▶ **Data records**:

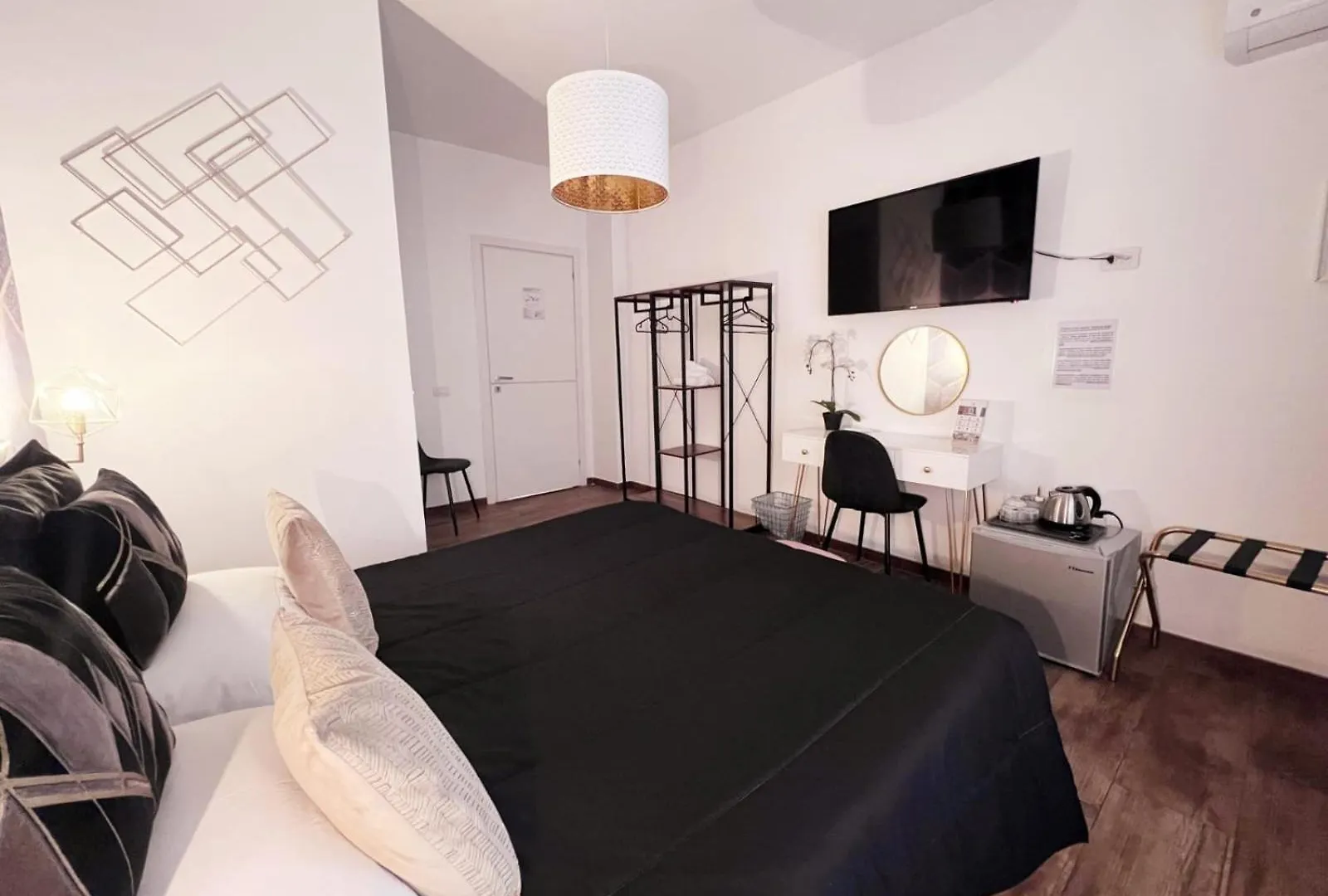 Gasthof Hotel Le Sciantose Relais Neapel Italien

* * *

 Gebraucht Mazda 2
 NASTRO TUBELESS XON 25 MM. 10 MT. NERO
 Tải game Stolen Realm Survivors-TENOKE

▶ **What is being asked**: Your task for the entries above: copy exactly the span starting with the line with "Gebraucht Mazda 2" and going on through the line with "Tải game Stolen Realm Survivors-TENOKE", both lines included, and nothing else.

▶ **Task result**:
 Gebraucht Mazda 2
 NASTRO TUBELESS XON 25 MM. 10 MT. NERO
 Tải game Stolen Realm Survivors-TENOKE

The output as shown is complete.